- [Task description]: Return each line of the material below exactly. Begin at the first and end on the line with "Ленд Ровер Дискавери 4".

━━━━━━━━

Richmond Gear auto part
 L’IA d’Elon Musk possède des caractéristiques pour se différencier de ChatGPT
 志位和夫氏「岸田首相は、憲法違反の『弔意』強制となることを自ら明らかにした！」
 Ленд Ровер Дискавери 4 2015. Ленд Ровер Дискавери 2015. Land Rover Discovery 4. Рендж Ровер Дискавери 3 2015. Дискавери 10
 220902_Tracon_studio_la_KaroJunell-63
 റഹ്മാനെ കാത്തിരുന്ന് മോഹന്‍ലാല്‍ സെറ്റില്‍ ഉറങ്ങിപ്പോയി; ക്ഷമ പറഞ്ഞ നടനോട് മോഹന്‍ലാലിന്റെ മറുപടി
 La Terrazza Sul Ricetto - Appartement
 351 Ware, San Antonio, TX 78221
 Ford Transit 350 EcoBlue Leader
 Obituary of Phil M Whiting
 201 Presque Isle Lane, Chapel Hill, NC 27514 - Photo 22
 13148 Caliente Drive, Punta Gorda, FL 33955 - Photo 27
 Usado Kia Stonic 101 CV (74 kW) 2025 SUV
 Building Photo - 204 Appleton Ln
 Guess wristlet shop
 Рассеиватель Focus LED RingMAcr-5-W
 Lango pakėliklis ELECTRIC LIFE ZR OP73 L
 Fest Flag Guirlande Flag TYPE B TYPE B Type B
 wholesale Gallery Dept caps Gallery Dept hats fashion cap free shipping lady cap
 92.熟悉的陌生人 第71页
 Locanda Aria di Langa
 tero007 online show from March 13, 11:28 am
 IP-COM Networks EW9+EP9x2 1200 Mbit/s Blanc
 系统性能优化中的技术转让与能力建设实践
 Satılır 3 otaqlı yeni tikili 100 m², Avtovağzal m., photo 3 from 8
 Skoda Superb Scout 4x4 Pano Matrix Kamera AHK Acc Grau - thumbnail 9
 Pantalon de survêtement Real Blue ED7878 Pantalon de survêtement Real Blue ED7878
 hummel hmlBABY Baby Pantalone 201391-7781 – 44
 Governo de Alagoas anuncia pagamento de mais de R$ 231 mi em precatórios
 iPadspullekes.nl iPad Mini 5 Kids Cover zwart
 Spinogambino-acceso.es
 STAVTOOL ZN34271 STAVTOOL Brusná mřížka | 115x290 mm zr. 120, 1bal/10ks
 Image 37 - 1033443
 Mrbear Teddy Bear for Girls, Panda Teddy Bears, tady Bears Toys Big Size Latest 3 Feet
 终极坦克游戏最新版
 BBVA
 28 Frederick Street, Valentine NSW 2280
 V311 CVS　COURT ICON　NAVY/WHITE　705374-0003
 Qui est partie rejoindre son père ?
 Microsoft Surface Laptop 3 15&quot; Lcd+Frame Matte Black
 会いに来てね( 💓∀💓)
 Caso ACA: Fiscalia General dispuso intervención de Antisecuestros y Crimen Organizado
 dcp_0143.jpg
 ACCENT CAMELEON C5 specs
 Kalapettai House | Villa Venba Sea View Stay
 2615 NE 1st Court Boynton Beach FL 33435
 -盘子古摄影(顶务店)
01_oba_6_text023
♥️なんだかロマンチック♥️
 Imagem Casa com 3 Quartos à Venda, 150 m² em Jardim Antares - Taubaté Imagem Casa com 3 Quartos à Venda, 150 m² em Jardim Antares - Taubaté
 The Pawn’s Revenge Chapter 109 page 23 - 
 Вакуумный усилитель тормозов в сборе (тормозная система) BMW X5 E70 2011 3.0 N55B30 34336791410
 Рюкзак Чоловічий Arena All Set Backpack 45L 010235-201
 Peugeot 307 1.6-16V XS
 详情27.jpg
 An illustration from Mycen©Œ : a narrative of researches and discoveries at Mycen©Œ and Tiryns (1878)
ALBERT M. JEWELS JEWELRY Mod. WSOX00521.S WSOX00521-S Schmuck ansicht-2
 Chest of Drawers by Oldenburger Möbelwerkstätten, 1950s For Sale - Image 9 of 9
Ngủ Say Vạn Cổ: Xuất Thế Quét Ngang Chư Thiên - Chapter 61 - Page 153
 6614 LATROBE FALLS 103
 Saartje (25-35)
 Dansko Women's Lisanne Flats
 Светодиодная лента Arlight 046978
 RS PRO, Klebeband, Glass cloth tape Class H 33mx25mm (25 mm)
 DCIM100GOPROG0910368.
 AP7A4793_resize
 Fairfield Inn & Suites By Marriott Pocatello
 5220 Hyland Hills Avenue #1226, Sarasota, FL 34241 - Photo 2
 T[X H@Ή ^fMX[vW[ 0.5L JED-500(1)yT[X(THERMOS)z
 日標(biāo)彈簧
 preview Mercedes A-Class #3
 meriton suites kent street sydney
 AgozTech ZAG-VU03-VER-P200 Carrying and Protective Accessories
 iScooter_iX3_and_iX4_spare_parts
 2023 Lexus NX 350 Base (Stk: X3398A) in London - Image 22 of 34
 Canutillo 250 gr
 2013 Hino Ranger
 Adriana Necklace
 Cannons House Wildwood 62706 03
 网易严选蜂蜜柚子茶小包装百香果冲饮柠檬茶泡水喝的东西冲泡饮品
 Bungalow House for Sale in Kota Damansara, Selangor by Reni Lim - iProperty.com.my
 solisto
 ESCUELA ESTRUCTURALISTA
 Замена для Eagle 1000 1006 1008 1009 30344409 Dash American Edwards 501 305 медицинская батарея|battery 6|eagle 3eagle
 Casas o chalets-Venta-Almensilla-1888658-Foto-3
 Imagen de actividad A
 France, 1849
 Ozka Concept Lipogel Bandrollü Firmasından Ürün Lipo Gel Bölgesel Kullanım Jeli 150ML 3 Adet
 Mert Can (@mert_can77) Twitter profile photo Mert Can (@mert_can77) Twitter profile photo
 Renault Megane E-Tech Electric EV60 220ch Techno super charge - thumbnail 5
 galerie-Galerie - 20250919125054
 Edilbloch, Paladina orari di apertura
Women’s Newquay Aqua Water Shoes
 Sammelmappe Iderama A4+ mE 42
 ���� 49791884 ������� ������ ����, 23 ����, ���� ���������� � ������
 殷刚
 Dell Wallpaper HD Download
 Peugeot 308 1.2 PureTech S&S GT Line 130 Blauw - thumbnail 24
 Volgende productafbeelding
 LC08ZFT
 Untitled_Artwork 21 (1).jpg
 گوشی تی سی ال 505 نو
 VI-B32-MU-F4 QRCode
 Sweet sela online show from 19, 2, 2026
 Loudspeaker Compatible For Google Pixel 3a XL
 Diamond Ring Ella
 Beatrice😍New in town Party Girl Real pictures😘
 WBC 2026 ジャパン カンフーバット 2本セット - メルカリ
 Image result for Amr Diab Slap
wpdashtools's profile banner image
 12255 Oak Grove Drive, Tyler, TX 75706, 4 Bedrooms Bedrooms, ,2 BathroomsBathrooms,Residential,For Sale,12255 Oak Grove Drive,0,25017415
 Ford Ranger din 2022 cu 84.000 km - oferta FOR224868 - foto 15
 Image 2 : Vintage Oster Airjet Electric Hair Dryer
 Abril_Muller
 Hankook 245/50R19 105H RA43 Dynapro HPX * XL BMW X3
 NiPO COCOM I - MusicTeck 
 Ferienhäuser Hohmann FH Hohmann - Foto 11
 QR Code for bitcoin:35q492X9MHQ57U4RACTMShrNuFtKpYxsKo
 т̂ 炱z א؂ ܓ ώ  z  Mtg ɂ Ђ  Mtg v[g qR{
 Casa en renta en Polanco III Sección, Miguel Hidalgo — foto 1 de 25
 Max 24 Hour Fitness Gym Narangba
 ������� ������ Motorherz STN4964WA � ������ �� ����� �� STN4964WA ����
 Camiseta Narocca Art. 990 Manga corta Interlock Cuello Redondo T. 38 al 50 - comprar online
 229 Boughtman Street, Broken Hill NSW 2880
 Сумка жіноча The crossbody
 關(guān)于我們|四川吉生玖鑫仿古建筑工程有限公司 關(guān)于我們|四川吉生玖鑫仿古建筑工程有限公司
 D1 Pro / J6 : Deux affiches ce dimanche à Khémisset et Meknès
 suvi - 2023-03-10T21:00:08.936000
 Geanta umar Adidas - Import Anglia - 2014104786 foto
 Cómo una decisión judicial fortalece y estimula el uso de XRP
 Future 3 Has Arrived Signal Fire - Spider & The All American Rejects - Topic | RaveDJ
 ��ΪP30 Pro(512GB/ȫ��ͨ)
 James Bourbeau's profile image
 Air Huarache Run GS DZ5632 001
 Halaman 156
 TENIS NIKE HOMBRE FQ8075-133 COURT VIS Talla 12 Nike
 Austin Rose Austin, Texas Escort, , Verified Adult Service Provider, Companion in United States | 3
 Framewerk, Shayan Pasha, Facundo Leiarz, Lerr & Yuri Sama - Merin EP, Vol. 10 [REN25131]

━━━━━━━━

- [Written reply]:
Richmond Gear auto part
 L’IA d’Elon Musk possède des caractéristiques pour se différencier de ChatGPT
 志位和夫氏「岸田首相は、憲法違反の『弔意』強制となることを自ら明らかにした！」
 Ленд Ровер Дискавери 4 2015. Ленд Ровер Дискавери 2015. Land Rover Discovery 4. Рендж Ровер Дискавери 3 2015. Дискавери 10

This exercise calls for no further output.